_BRIEF_:
Keep the images out while you retype all of the data exactly.
+++
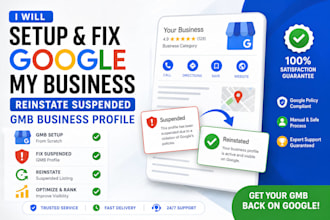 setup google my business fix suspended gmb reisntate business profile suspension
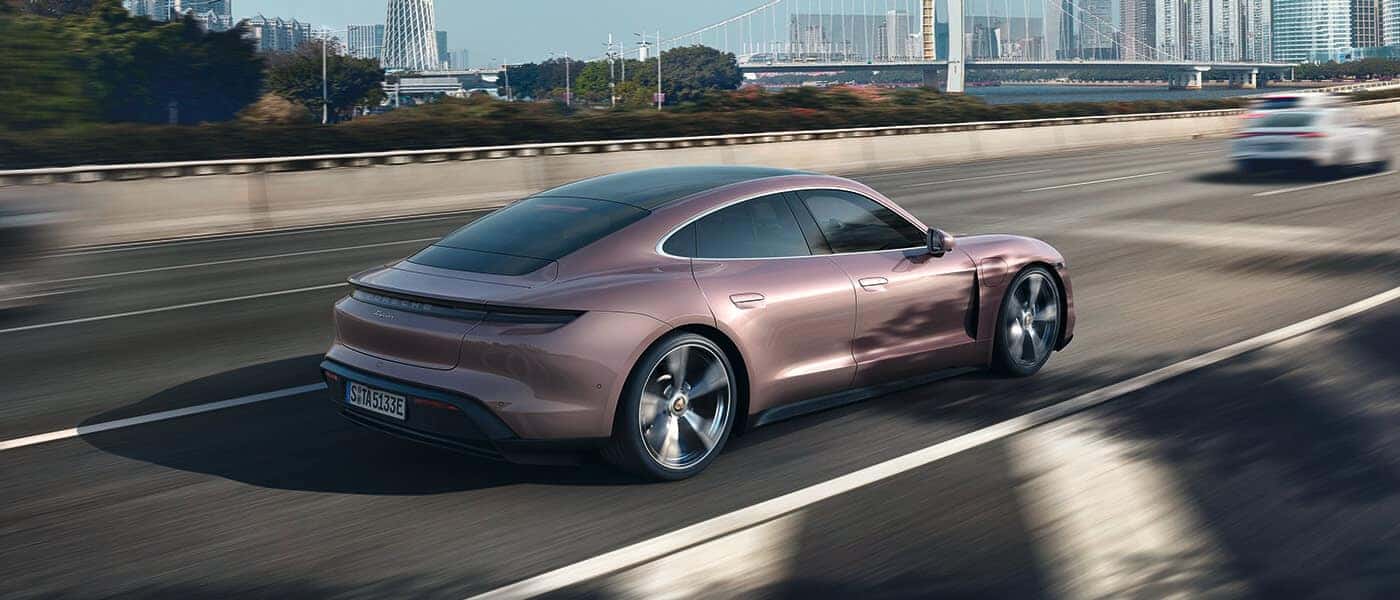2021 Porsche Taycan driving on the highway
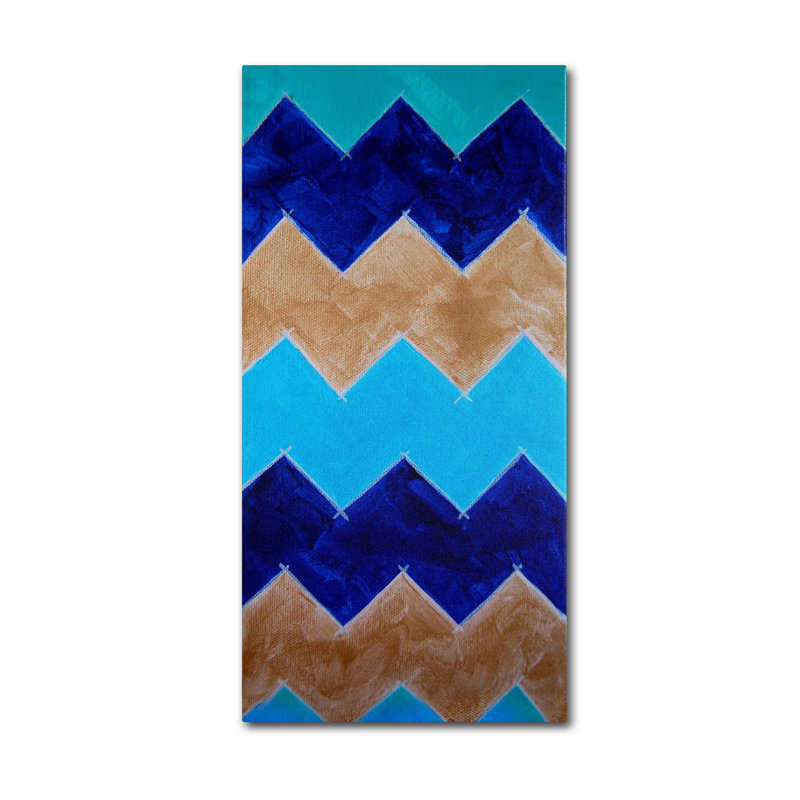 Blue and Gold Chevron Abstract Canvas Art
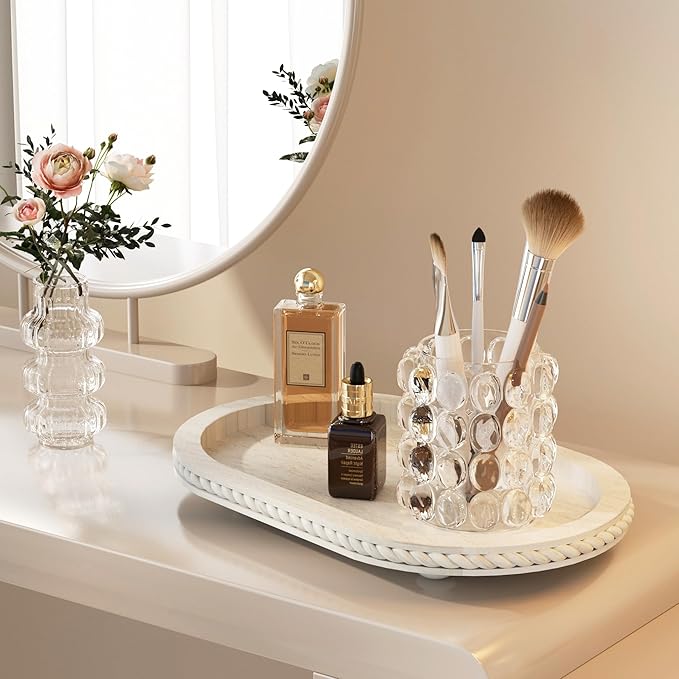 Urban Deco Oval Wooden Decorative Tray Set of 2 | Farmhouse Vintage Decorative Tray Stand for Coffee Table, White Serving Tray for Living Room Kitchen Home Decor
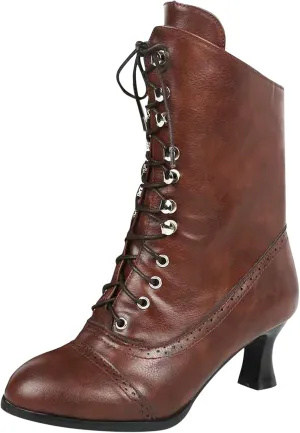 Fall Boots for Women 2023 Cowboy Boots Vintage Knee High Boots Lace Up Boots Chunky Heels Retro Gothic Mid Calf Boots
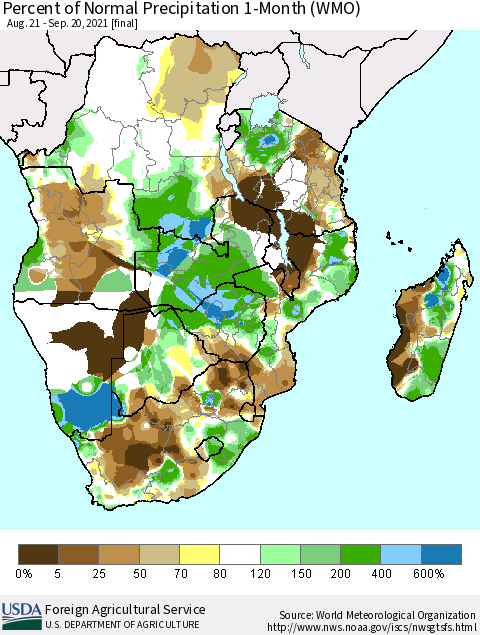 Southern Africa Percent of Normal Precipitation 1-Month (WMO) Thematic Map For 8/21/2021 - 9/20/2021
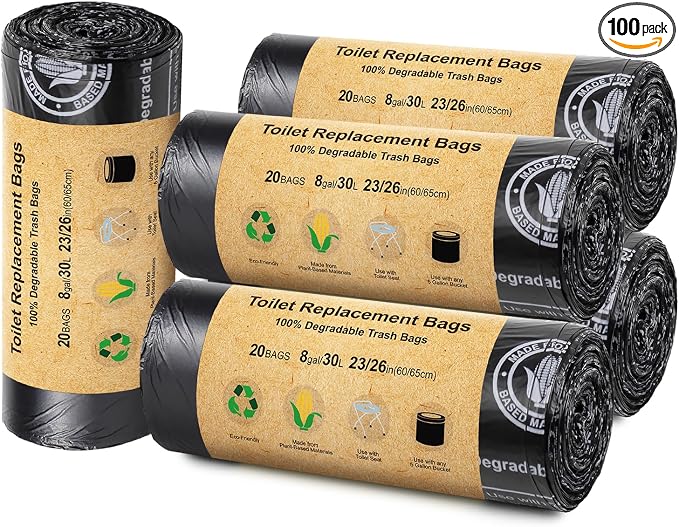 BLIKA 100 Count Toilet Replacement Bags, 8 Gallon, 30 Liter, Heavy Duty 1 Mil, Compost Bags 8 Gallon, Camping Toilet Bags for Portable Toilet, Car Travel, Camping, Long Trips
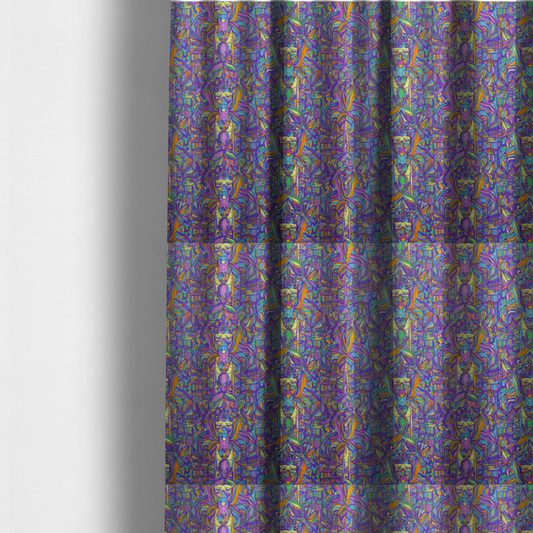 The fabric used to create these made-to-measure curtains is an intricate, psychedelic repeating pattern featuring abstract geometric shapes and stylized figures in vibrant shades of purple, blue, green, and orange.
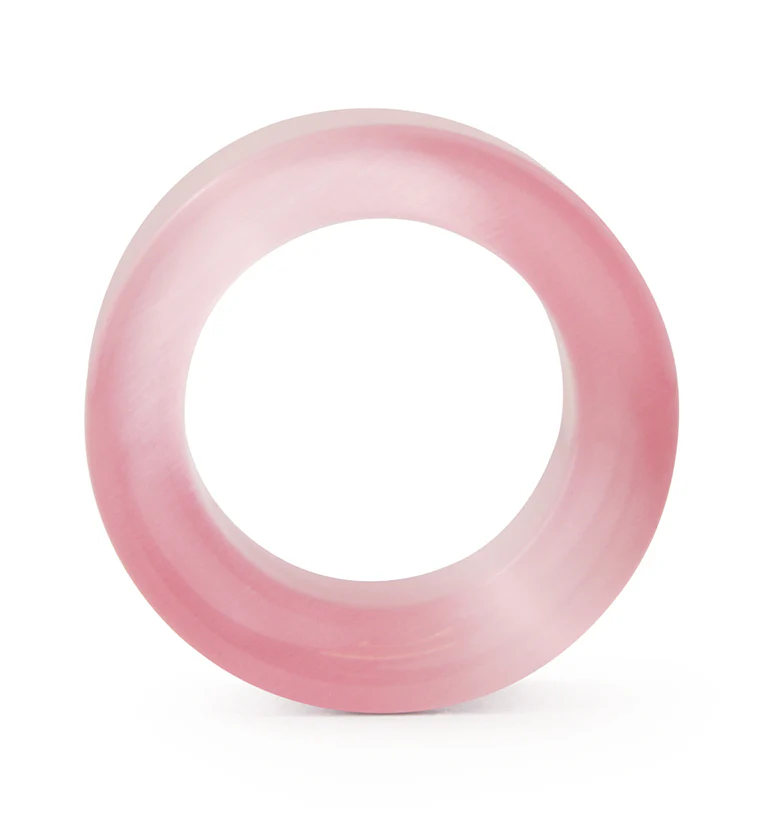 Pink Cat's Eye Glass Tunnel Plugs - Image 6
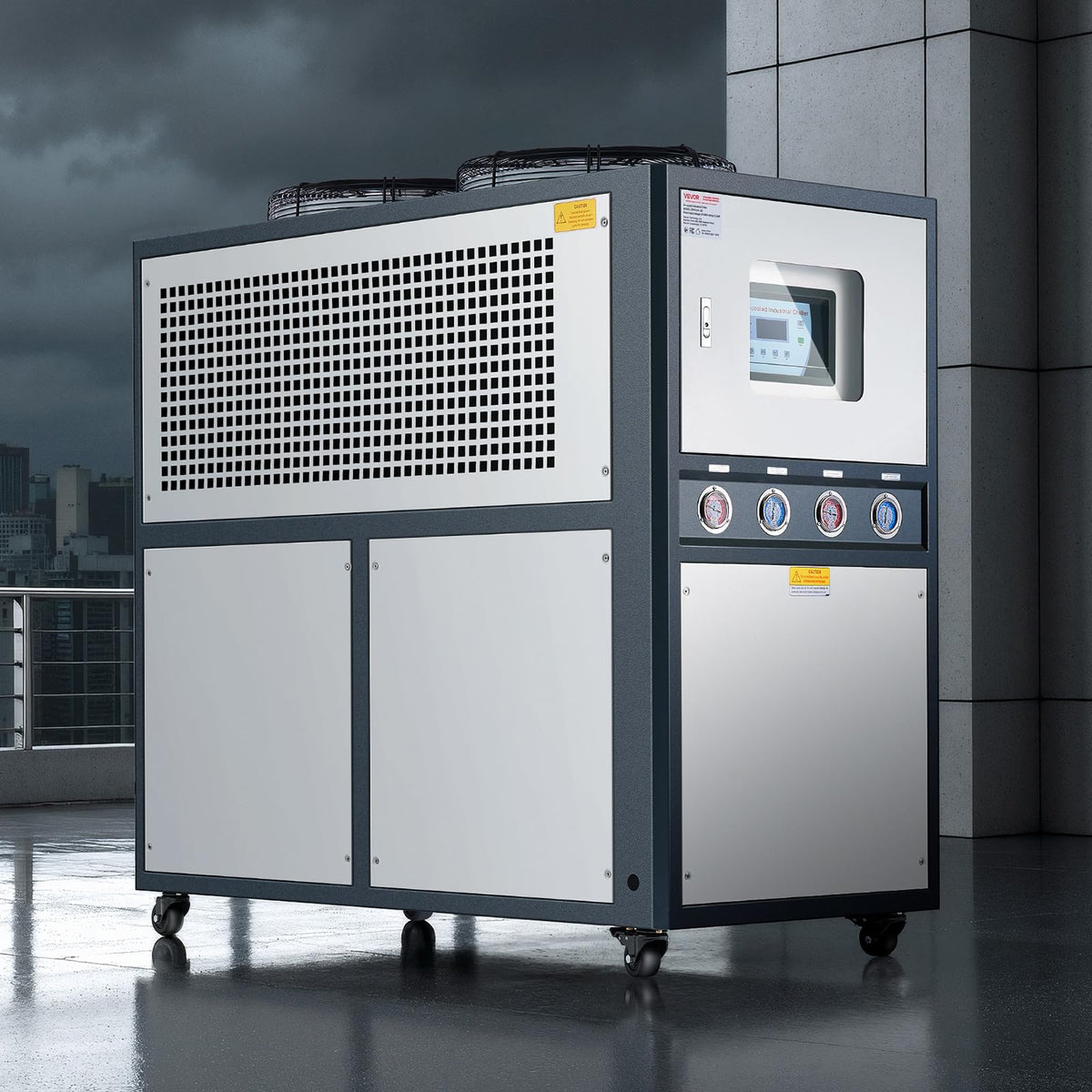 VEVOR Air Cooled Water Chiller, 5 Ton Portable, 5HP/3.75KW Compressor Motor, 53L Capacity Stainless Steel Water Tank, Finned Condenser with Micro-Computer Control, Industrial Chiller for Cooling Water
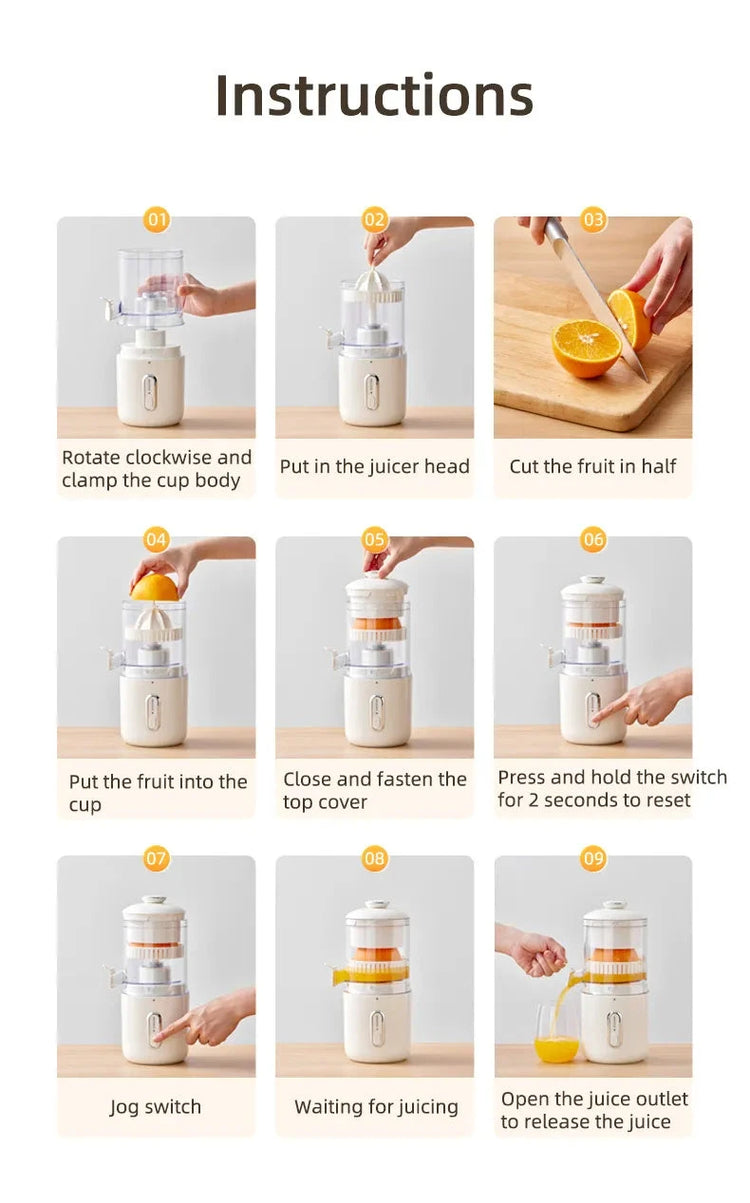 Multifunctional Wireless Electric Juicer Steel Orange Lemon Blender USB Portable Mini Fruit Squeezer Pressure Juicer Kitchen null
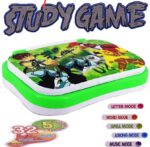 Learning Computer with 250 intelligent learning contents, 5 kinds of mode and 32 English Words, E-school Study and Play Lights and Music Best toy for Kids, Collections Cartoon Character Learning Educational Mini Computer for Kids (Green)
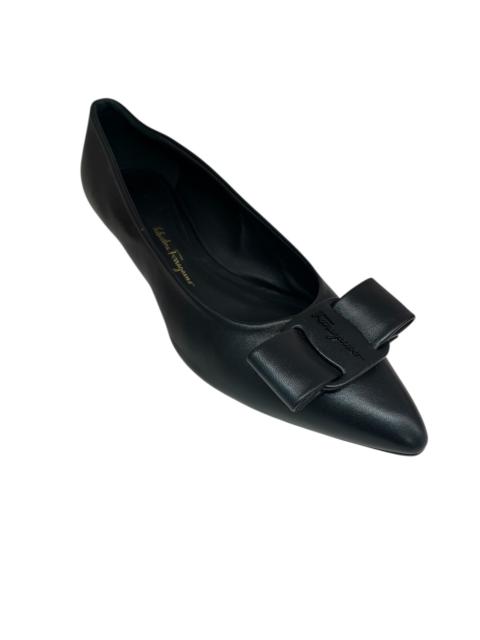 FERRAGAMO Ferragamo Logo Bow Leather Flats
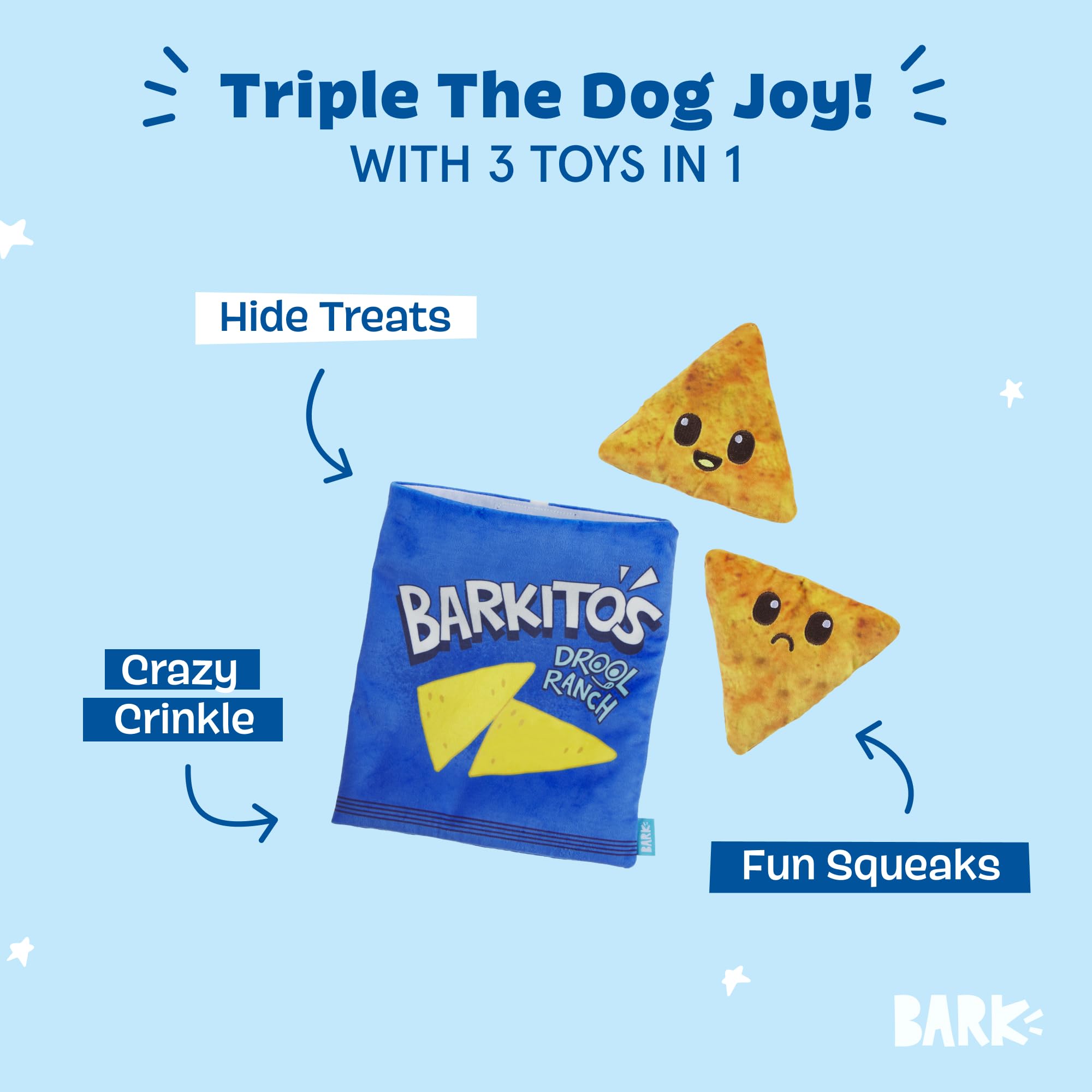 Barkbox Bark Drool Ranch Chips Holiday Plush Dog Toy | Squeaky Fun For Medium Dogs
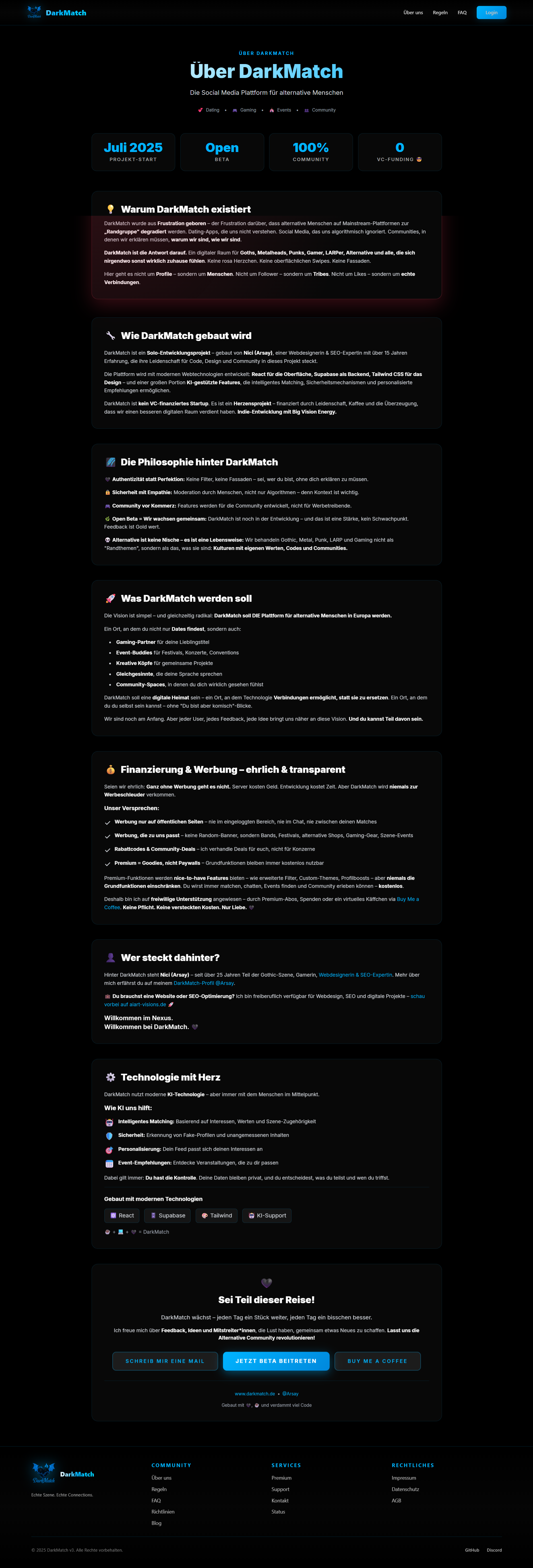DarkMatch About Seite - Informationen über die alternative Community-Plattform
+++
_OUTPUT BELOW_:
 setup google my business fix suspended gmb reisntate business profile suspension
2021 Porsche Taycan driving on the highway
 Blue and Gold Chevron Abstract Canvas Art
 Urban Deco Oval Wooden Decorative Tray Set of 2 | Farmhouse Vintage Decorative Tray Stand for Coffee Table, White Serving Tray for Living Room Kitchen Home Decor
 Fall Boots for Women 2023 Cowboy Boots Vintage Knee High Boots Lace Up Boots Chunky Heels Retro Gothic Mid Calf Boots
 Southern Africa Percent of Normal Precipitation 1-Month (WMO) Thematic Map For 8/21/2021 - 9/20/2021
 BLIKA 100 Count Toilet Replacement Bags, 8 Gallon, 30 Liter, Heavy Duty 1 Mil, Compost Bags 8 Gallon, Camping Toilet Bags for Portable Toilet, Car Travel, Camping, Long Trips
 The fabric used to create these made-to-measure curtains is an intricate, psychedelic repeating pattern featuring abstract geometric shapes and stylized figures in vibrant shades of purple, blue, green, and orange.
 Pink Cat's Eye Glass Tunnel Plugs - Image 6
 VEVOR Air Cooled Water Chiller, 5 Ton Portable, 5HP/3.75KW Compressor Motor, 53L Capacity Stainless Steel Water Tank, Finned Condenser with Micro-Computer Control, Industrial Chiller for Cooling Water
 Multifunctional Wireless Electric Juicer Steel Orange Lemon Blender USB Portable Mini Fruit Squeezer Pressure Juicer Kitchen null
 Learning Computer with 250 intelligent learning contents, 5 kinds of mode and 32 English Words, E-school Study and Play Lights and Music Best toy for Kids, Collections Cartoon Character Learning Educational Mini Computer for Kids (Green)
 FERRAGAMO Ferragamo Logo Bow Leather Flats
 Barkbox Bark Drool Ranch Chips Holiday Plush Dog Toy | Squeaky Fun For Medium Dogs
DarkMatch About Seite - Informationen über die alternative Community-Plattform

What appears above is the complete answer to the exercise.